Hello,
I'm glad it helped.
Inline.
Em 27-08-2012 19:00, Zuofeng Shang escreveu:
Hi Rui,
Many thanks for your excellent code! That works very well. But I still
have a kind of naive question about the set.seed(1)
Consider shape1=c(1,3) and shape2=c(2,4)
Using R I got that
> set.seed(1)
> rbeta(2,c(1,3),c(2,4))
[1] 0.5803922 0.4679171
> set.seed(1)
> c(rbeta(1,1,2),rbeta(1,3,4))
[1] 0.5803922 0.4679171
They have the same outputs. So rbeta(2,shape1,shape2) is the correct
solution which is equivalent to operating rbeta() componentwise to
shape1 and shape2. This is exactly the solution I wanted. Thanks a lot!
But I also found the following:
set.seed(1)
> rbeta(1,1,2)
[1] 0.5803922
> set.seed(1)
> rbeta(1,3,4)
[1] 0.3016368
This is pretty strange. Why is the second one 0.3016368 instead of
being 0.4679171? Probably I was wrong somewhere here.

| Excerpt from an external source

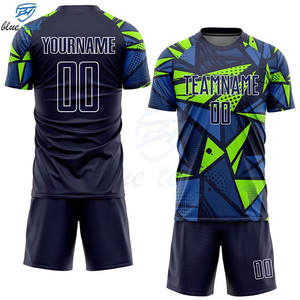 ชุดฟุตบอลสั่งทำขายส่ง ชุดยูนิฟอร์มฟุตบอล ชุดฝึกซ้อม เสื้อและกางเกงฟุตบอลแบบซับลิเมชั่น พร้อมพิมพ์โลโก้ - Product Image 2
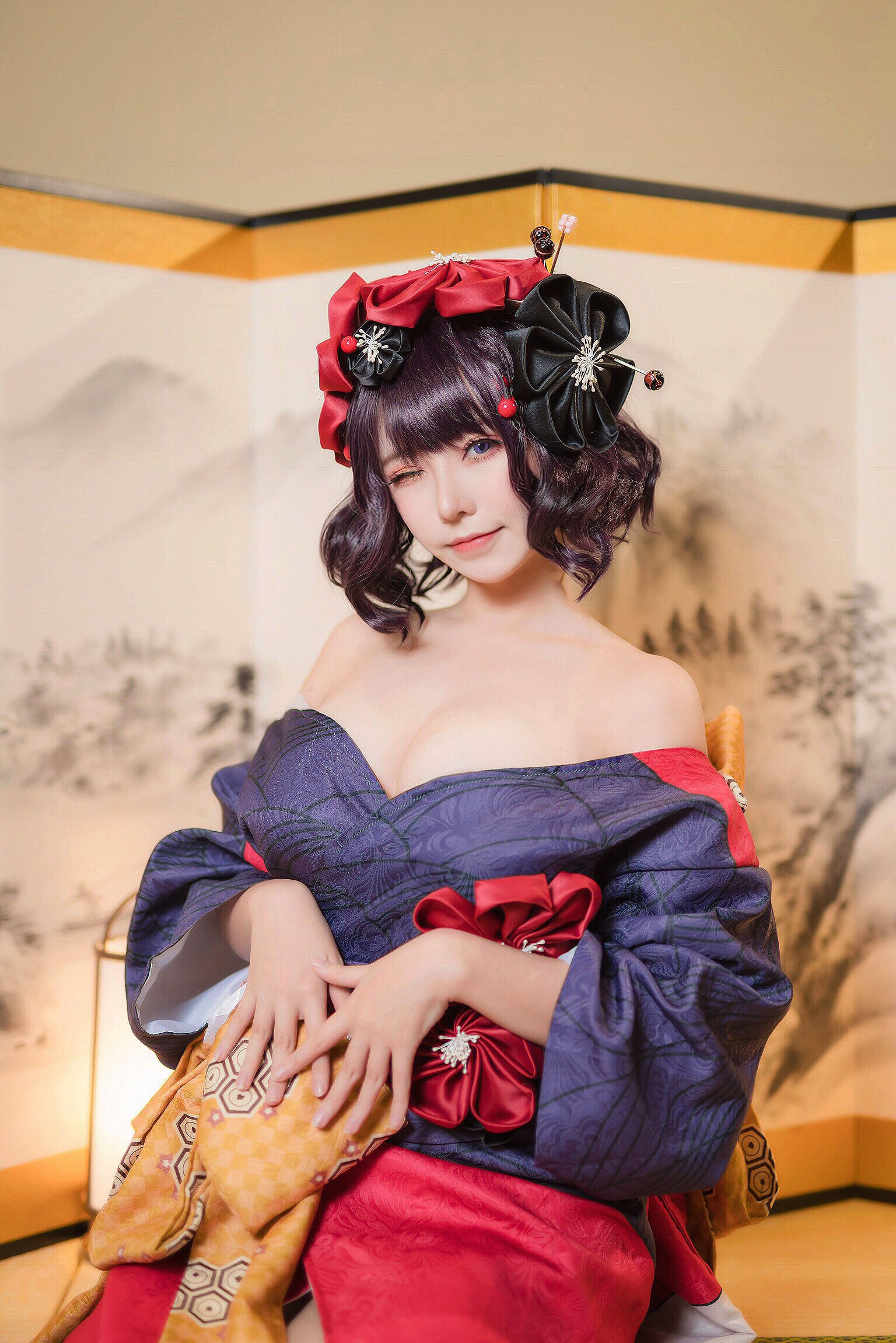 Meng Mei Jun Ye Tako Katsushika Hokusai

No, you are not wrong, and no, it is not strange. You are restarting the
random number generator so your _first_ random beta number cannot be
eqaul to the _second_ one. Just look:
set.seed(1)
rbeta(1,3,4) # 0.3016368
set.seed(1)
rbeta(2,3,4) # 0.3016368 0.4679171
The second is, as expected, what you had. When yo change the beta
parameters, the numbers must also change (obvious!)
Rui Barradas
The binomial code works very well. Thanks for this very much!
Have a nice day.
Jeff
δΊ 8/27/2012 1:25 PM, Rui Barradas ει:
Hello,
Try the following.
set.seed(1)
X <- rbeta(2*length(shape1), rep(shape1, each = 2), rep(shape2, each
= 2))
X <- matrix(X, ncol = 2, byrow = TRUE)
#-- binomial
n <- 10
p <- runif(10000)
Y1 <- matrix(nrow = 10000, ncol = 10)
set.seed(6292)
for(i in 1:10000){
Y1[i, ] <- rbinom(n, 2, p[i])
}
set.seed(6292)
Y2 <- rbinom(n*length(p), 2, rep(p, each = 10))
Y2 <- matrix(Y2, ncol = n, byrow = TRUE)
identical(Y1, Y2) #TRUE
The trick is not to use argument recycling.
Hope this helps,
Rui Barradas
Em 27-08-2012 15:49, JeffND escreveu:
Hi folks,
I have a question about how to efficiently produce random numbers
from Beta
and Binomial distributions.
For Beta distribution, suppose we have two shape vectors shape1 and
shape2.
I hope to generate a 10000 x 2 matrix X whose i th rwo is a sample from
reta(2,shape1[i]mshape2[i]). Of course this can be done via loops:
for(i in 1:10000)
{
X[i,]=rbeta(2,shape1[i],shape2[i])
}
However, the above code is time consuming. It would be better to
directly
generate X without any loops. I tried the following code
X<- rbeta(2,shape1,shape2)
but it looks not right. So I was wondering if there is an R code
doing this.
For Binomial distribution, I have a similar question. I hope to
generate a
10000 x n matrix Y whose i th row is a sample from rbinom(n,2,p[i]),
where p
is a vector of binomial probabilities. We can also do it by loops
for(i in 1:10000)
{
Y[i,]=rbinom(n,2,p[i])
}
But it would be nice to do it without using any loops. Is this
possible in
R?
Many thanks for great help and suggestions!